Students define Newton's Third Law and then find evidence of it in a 2013 science fiction thriller movie, Gravity.

Since this lesson falls on a half day, it is a bit shorter than other lessons. My students have already learned the fundamental concepts of Newton's First and Second Laws, but this lesson is flexible in that in can be placed in other parts of the Newton's Laws Unit. Other than asking students to recall the vector nature of forces, this lesson requires very little prior knowledge.

The goal today is to define Newton's Third Law, but the lesson also builds upon what students already know about Newton's Firs and Second Laws (HS-PS2-1). I start the lesson by assessing students' prior knowledge with a one-minute essay. Students will then take some brief notes on the third law (SP5) before identifying examples of it in a movie trailer (SP6).

10 minutes

To start class today, students come into the room and take out a blank sheet of notebook paper. On the board I've written "**What is Newton's Third Law?"**

This is a 1-minute essay, where students get only 1 minute to individually respond to the question. The goal is to get students thinking about what they already know from previous science classes, since they need to have action/reaction pairs at the forefront of their minds for today's lesson. I use a stopwatch, but because some of my students need a little time to process I usually give them about 90 seconds to complete their responses.

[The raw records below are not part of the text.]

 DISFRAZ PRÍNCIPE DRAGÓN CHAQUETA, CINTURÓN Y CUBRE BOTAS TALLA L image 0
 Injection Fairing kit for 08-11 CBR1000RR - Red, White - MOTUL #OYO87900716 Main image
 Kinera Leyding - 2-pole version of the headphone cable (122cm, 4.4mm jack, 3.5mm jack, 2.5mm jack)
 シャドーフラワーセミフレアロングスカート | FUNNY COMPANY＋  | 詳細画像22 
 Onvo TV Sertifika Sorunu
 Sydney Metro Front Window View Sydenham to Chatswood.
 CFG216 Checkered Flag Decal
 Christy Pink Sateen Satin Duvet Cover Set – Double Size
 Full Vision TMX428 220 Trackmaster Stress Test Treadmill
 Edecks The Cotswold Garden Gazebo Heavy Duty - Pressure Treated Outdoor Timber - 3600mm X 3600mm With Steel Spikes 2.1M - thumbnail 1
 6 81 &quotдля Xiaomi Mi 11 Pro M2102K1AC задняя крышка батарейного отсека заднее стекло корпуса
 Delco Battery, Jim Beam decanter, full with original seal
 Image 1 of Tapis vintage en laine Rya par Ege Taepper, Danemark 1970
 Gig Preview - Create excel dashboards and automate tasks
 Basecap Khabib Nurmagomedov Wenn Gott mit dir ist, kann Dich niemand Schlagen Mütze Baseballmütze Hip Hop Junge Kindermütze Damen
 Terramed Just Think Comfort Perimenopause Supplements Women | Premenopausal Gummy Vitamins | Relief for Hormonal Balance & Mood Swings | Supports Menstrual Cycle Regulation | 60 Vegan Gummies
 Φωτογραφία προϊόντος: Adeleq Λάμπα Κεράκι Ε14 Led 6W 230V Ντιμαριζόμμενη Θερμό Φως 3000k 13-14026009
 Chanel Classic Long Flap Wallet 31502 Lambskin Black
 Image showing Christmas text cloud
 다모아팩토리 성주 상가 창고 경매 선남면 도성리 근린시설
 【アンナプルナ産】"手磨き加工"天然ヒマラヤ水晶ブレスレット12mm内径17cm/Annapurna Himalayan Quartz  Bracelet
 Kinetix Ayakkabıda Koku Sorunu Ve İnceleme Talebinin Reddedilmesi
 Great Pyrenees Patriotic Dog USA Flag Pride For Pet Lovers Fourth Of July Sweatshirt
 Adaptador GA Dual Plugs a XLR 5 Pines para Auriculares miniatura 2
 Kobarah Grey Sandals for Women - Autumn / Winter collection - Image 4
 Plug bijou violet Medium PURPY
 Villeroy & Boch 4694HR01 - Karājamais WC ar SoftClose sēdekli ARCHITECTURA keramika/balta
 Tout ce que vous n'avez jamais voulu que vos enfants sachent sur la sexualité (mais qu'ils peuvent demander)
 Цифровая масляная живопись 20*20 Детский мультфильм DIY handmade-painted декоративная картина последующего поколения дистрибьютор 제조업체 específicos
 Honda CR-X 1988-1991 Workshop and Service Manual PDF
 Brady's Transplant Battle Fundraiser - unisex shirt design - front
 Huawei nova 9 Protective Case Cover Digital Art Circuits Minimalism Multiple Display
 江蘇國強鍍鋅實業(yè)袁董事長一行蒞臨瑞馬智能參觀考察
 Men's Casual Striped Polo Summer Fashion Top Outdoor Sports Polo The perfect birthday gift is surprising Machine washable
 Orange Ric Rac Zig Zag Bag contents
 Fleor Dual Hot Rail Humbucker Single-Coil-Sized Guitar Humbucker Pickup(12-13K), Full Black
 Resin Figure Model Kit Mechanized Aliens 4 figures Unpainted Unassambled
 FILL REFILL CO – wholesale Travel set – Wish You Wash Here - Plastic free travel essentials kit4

After the time is complete, I randomly select a student to share his or her essay and then we continue around the room until everyone has shared. I try remain a facilitator during this process and let students consider the responses of their peers. For example, if a student makes an assumption that is not valid, I let another student speak up and question the invalid statement. I also encourage students to write down any valid ideas that they had forgotten to include. This is also an opportunity for me to informally observe my students and get a sense of how well they know Newton's Third Law.

15 minutes

It's time for students to take out their notebooks to copy down the definition of Newton's Third Law before working through some sample problems. My students are operating under the expectation that they must write down key points from the presentation. This expectation of how to take notes has been outlined and ingrained in their learning since freshman year. Because these are AP students, how they organize their notes (notebook, binder, etc.) is a decision the individual student gets to make. I assume at this point in their high school careers they have an established system to stay organized.

I display the Third Law Presentation to help the students understand what they need to write down. Not only do my notes serve as a guide for students, but they also include examples. These examples provide students with something to refer back to when doing homework problems or studying for the unit exam. I have a hard copy of the slides in my hands as I circulate throughout the room, which includes notes and answers to the sample problems (viewable when the PowerPoint is downloaded). These notes help me to stay focused and ensure I mention the highlights as we progress through each slide.

I usually have a lot of interaction with my students throughout the presentation, and it's purposely short in content because my goal is to emphasize the application of action-reaction pairs. The notes are meant to give students a sense of how action-reaction forces can be applied with what students already know from Newton's First and Second Laws. After I define the third law for students, I show them the first example, give them about three minutes to process the question, and then go through the solution slowly and deliberately. For the second example, I give students about five minutes to process before sharing the solution. As I go through each solution, the students will ask questions and participate in my work to stay engaged the entire time.

10 minutes

The goal of this lesson closure is to get students to identify Newton's Third Law in a movie that is current and relative to the students. Many of my students have seen "Gravity," so it is a great way to make physics meaningful and interesting. I start by asking students to clear their desks because I want them to enjoy being captivated by this awesome video clip. I let the video play through and then give students a few moments to debrief about what they saw.

The few moments of debriefing may turn into a full class discussion. My students are eager to discuss the errors in physics in this clip (and, for those who have seen the movie, at other points in the movie.) As a teacher, it is super neat to see my students so excited in applying some of what we've already discussed in this course.

After our discussion, I ask students to take out a scratch piece of paper and to watch the video clip a second time using a different lens. I want students to look for examples of Newton's Third Law when they watch the clip again, and I ask them to write these examples on the scratch piece of paper.

When the video has finished playing through the second time, I choose volunteers to share their examples. There are such a large number of opportunities for students to identify Newton's Third Law, so the opportunity to have a rich discussion and bring the lesson full circle offers a nice closure. As students share their examples of Newton's Third Law, they listen to each other, make comments about other students contributions, and hopefully learn how many action-reaction pairs are possible in just a short video clip. The discussion continues to flow naturally until the bell rings, and which point students are dismissed and ready to move on to their next class.